MartinKolarik avatar Apr 10 '25 12:04 MartinKolarik

You are totally right, to differentiate between some f them will be pretty hard :(

Bladelol avatar Apr 10 '25 12:04 Bladelol

okay i think i found a solution for my usecase if you could provide an endpoint with the full list. I can filter for npm entries. After that i just have to lookup via npm the release timestamp of that explicit version and take the oldest one.

Bladelol avatar Apr 11 '25 09:04 Bladelol

@MartinKolarik should i close this bug-issue (or better creator-cant-read-issue xD) and make a feature request?

Bladelol avatar Apr 16 '25 08:04 Bladelol

No need to create a new issue, I'll take a look at this when I get some time.

MartinKolarik avatar Apr 16 '25 13:04 MartinKolarik

We could maybe add an option to list all packages that have the file instead of returning just one.

@MartinKolarik Personally I would find that useful/interesting; more so than just getting a single match for whatever the first source that happened to be accessed was.

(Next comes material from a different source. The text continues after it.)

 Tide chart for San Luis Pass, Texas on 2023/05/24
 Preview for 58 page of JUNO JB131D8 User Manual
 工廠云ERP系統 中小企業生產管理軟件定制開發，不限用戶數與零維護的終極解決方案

It would also be potentially useful to be able to filter those down with a type param (similar to what other API endpoints have that let me specify npm / gh / etc)

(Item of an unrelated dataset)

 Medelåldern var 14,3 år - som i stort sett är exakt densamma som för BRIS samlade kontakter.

I'm not sure how much this would complicate things, but maybe that could also be sorted by some kind of 'popularity' measure like download stats/etc.

For the example use case, I could probably guess that the intended version was the main npm version; but for other libraries I might not be as easily able to identify what the 'main canonical source' might be for that file; which is where I might be able to use the 'popularity' to help narrow it down (eg. if most of those results have 100/1000's of downloads, and then the main one has 1,000,000's of downloads; I could make a solid guess)

A more complicated idea (that I'm not even sure if it would be viable), but that maybe could help figure out the 'canonical' version better, might be to:

  • lookup the hash and get a list of matching projects that have that file
  • for each of those projects, check the package.json / similar to see if this file is included in the main exports for that package

It looks like this is the file that handles the lookup:

https://github.com/jsdelivr/data.jsdelivr.com/blob/46389da6bcbf5ae5c153e03ba7e00cbfd2e5299b/src/routes/v1/LookupRequest.js#L6-L8

Which then calls into this to do the actual lookup:

https://github.com/jsdelivr/data.jsdelivr.com/blob/46389da6bcbf5ae5c153e03ba7e00cbfd2e5299b/src/models/File.js#L47-L59

So maybe to sort by downloads it could join against something like (from a quick/naive skim):

  • https://github.com/jsdelivr/data.jsdelivr.com/blob/master/src/models/PackageHits.js
  • https://github.com/jsdelivr/data.jsdelivr.com/blob/master/src/models/PackageVersionHits.js
  • https://github.com/jsdelivr/data.jsdelivr.com/blob/master/src/models/FileHits.js
  • etc

0xdevalias avatar Jun 18 '25 05:06 0xdevalias